In the entries below, find each line with the word "June" and return it.

### Extracted records

====

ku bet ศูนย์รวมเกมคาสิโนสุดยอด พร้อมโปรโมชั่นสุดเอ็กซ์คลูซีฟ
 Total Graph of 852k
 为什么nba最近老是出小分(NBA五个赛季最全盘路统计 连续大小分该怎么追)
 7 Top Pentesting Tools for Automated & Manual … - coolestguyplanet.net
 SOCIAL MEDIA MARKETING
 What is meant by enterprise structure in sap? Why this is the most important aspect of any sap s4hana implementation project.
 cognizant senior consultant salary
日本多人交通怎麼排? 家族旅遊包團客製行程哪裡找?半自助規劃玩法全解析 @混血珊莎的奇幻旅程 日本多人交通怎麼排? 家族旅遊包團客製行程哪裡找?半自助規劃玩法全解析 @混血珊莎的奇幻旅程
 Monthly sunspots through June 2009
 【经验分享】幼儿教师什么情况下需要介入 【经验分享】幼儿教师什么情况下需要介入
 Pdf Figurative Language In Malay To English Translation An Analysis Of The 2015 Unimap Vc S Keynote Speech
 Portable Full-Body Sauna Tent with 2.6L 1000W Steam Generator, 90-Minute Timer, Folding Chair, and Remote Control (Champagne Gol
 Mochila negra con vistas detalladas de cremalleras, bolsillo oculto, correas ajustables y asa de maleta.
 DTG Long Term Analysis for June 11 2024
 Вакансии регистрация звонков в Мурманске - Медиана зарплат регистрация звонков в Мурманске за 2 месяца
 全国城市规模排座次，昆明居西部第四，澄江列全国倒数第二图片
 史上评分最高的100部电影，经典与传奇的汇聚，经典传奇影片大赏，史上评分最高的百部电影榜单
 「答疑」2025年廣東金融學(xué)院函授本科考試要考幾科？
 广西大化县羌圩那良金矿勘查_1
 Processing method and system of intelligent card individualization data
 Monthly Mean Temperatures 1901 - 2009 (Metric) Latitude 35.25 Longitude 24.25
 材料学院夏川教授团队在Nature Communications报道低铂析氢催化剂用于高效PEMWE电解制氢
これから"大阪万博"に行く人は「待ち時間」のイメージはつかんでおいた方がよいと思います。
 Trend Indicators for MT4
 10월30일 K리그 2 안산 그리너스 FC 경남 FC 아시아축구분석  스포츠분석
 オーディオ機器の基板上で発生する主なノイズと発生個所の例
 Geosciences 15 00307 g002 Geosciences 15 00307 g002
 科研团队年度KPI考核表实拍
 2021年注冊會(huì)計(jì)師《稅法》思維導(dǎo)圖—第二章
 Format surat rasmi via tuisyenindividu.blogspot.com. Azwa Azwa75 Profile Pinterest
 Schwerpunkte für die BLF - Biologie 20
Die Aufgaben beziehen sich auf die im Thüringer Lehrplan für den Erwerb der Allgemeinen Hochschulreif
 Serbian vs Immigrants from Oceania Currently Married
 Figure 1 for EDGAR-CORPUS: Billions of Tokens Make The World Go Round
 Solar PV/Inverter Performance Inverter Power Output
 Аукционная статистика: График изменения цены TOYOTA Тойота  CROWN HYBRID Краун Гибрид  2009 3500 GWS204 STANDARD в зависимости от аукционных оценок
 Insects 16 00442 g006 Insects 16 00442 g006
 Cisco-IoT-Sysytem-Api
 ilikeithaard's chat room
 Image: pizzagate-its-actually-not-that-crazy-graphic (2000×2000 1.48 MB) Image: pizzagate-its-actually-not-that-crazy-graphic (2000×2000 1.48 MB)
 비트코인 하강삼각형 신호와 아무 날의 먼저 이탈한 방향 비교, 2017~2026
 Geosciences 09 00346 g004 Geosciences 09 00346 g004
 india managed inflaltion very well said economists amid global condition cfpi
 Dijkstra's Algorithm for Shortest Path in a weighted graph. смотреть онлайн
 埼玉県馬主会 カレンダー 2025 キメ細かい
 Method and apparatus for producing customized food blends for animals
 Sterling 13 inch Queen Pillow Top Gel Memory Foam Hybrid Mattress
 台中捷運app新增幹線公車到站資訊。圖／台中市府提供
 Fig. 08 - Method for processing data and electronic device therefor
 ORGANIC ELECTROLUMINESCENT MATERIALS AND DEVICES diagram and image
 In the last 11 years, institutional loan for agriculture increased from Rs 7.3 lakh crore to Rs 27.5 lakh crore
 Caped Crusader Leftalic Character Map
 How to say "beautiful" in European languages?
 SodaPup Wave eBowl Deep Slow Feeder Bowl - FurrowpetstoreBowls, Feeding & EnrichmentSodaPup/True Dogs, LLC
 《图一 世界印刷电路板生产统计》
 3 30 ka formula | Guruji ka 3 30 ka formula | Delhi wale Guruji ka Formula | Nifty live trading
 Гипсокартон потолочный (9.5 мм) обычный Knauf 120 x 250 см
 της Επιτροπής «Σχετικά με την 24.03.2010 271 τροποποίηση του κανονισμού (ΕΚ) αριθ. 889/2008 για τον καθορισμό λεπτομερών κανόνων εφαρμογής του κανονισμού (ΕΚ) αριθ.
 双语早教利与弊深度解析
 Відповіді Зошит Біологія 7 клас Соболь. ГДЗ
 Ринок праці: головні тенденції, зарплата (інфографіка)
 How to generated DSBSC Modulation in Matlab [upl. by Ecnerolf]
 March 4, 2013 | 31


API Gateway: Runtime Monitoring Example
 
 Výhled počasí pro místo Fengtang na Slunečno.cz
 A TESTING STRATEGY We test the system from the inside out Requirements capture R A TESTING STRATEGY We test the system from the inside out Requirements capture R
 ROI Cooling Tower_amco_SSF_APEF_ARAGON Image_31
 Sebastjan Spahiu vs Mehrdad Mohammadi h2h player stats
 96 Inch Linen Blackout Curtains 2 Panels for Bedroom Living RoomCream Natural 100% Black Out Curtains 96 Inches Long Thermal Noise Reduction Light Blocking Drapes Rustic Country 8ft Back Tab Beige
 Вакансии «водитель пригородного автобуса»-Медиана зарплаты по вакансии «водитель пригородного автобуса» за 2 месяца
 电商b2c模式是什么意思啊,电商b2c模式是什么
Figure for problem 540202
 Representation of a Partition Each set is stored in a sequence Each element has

====

### Answer below
 Monthly sunspots through June 2009
 DTG Long Term Analysis for June 11 2024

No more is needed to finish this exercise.